Rabka should have been happy that she had obtained her desires, but she had not divined that she would have to move out of the palace. When Khalid told her, she broke every mirror and bottle of perfume in her bedroom. The smell of frankincense lingered with her grief for weeks. She raged to Rusa, the goddess of fate, and recited incantations of ancient sorcery in an attempt to change her future’s course, but the talismans and spells were useless.
Khalid tried to assuage her. “The caliph has gifted this house to us. It is the finest in the city.”
“I despise the city!” She sobbed, her eyes swollen from days of crying. “Am I to live with the stink?”
Outside the palace the city was a melting pot. Over a million people—Arabs, Persians, Jews, Christians, Indians, rich and poor alike—lived together in the capital.
“But the mansion has the finest architecture, equal to the palace!”

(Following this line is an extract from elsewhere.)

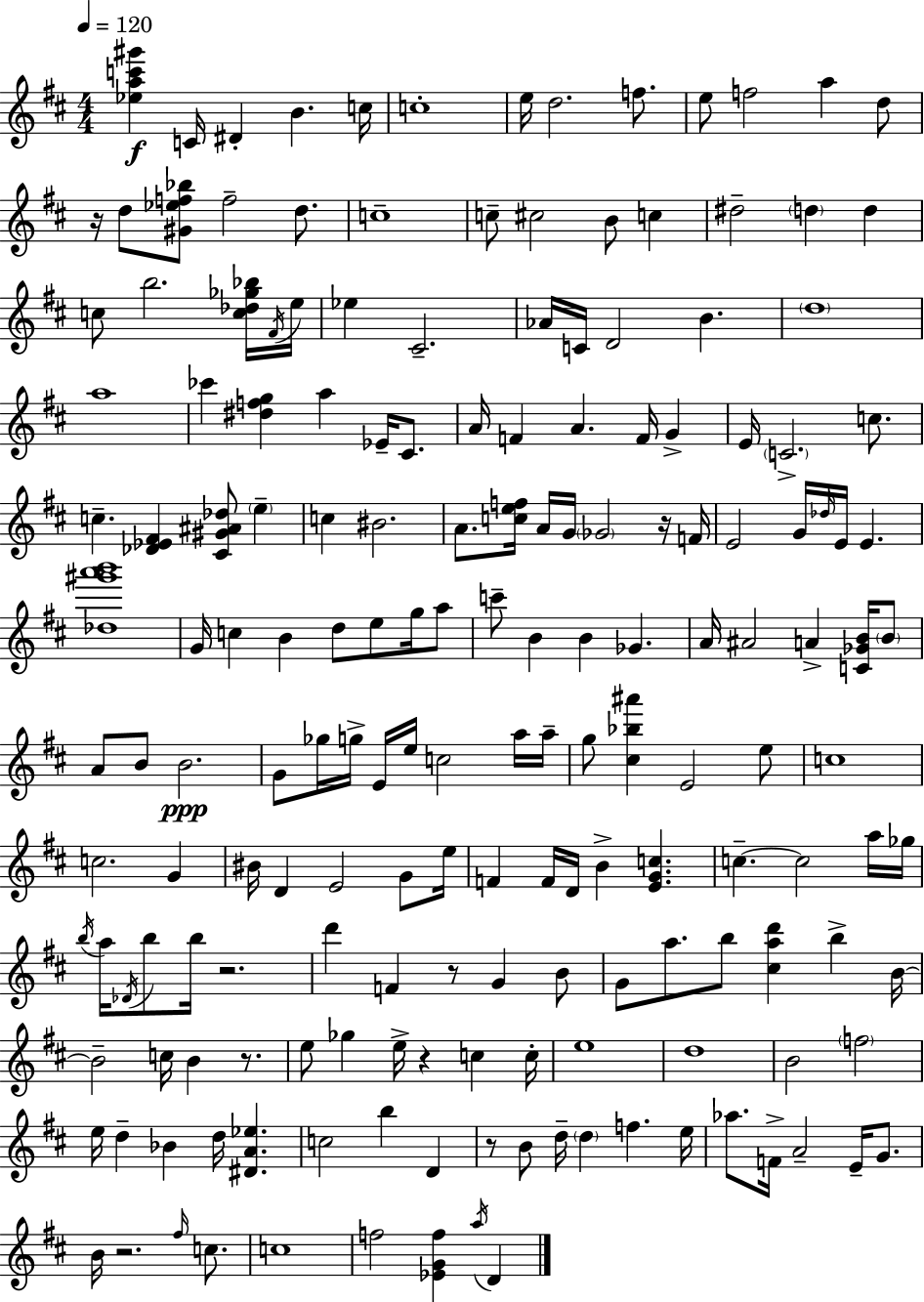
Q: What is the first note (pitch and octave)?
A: C4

The design included wind ventilation and there was also running water on the walls to keep the house cool. Its front doors were made of ebony and precious metal. But when Rabka walked through them she hated every room. Only simple flowers—lilac, jasmine, and violets—lined the inner courtyards, and the trees weren’t plated in gold. Even the roof, which transformed into a grand bedroom under the stars on the hottest of nights, did not appease her. Rabka was a queen without a palace, a poet without a court.
When she gave birth to her first child, a daughter, she wrote a poem, one she never shared, about a wife who was secretly the mythical dragon, Azhi Dahāka, ready to breathe fire until her bones turned to ash. By the poem’s end, the wife stood beside the ruins of her former self, unable to return to the girl she was once was. It was the last poem Rabka ever wrote.
As they settled into married life away from the palace, Khalid tried to ignore Rabka’s misery. They had three daughters, not the son Khalid desired. But still Khalid never took another wife, for he was unable to fathom the thought of more Rabkas. Instead he devoted himself to his work.